IMF, World Bank to help Kenya get out of dirty cash grey list


Cabinet Secretary, National Treasury & Economic Planning Njuguna Ndung'u. FILE PHOTO | DENNIS ONSONGO | NMG

The Bretton Woods institutions and Western allies have pledged to support Kenya in addressing deficiencies in dealing with money laundering and terrorism financing.

This is after Kenya was last week put on the 'grey list' by the Finance Action Task Force (FATF), the global anti-money laundering watchdog, for lacking safeguards against the flow of dirty cash.

The Treasury Cabinet Secretary Njuguna Ndung’u told the National Assembly’s Debt and Privatisation committee that bilateral and multilateral donors have committed to assist Kenya get out of the woods.
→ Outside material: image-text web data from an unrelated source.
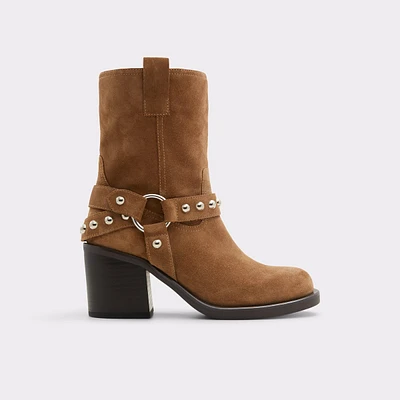 Albai Light Brown Women's Western and cowboy boots | ALDO Canada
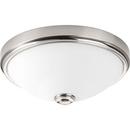 Progress Lighting Brushed Nickel P350005-009-30 1-21W 3000K FLUSH MOUNT 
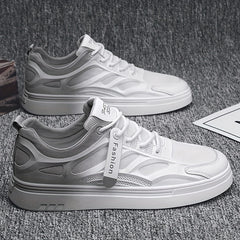 Men's Breathable Skate Shoes Non Slip Sneakers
“This morning, I had a meeting of bilateral and multilateral lenders who have expressed support to ensure our country is taken out of the grey list. We have done the legal instruments that established four critical institutions that now need capacity building to effectively combat money laundering, terrorism financing and proliferation of weapons of mass destruction,” Prof Ndung’u said.
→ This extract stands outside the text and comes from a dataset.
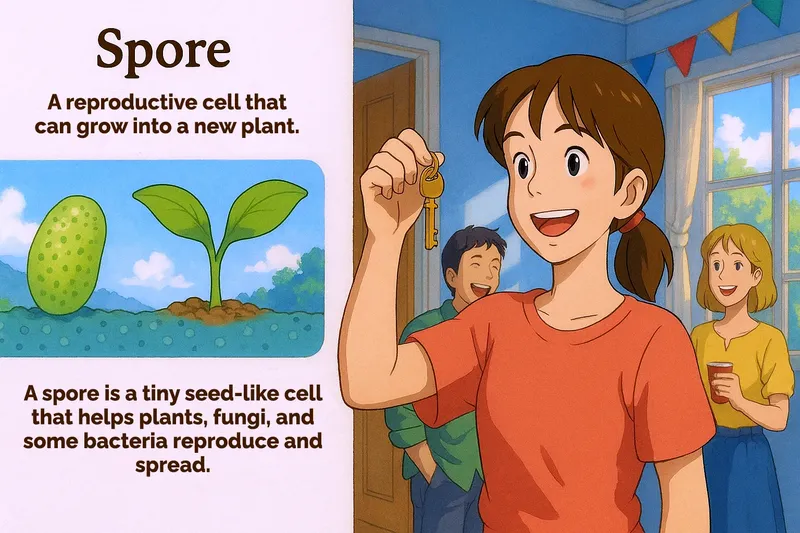 Spore Meaning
“The International Monetary Fund (IMF), the World Bank, the European Union (EU), the United Kingdom, and the United States promised us support to strengthen our institutions, including the Financial Reporting Centre (FRC).”

Kenya was placed on the list of shame along with 23 other countries, subjecting them to enhanced monitoring to ensure compliance with international anti-money laundering (AML), combating the financing of terrorism (CFT), and countering the proliferation of weapons of mass destruction (CPF).

The downgrade also means Kenya might be subjected to stricter due diligence when it is dealing with the rest of the world.

However, Prof Ndung’u told MPs that the placement would not impact Kenya's credit ratings.

“We have got a lot of support from multinational lenders. The greylisting will not worsen our credit ratings. The only thing we need to do is to strengthen our institutions,” Prof Ndung’u said.

The CS said Kenya had already made amendments to the law to strengthen its fight against dirty money and only needed to implement them.

Wajir East MP Mohamed Duale had demanded to know how the greylisting would affect the country's credit listing, concessional borrowing and foreign direct investments.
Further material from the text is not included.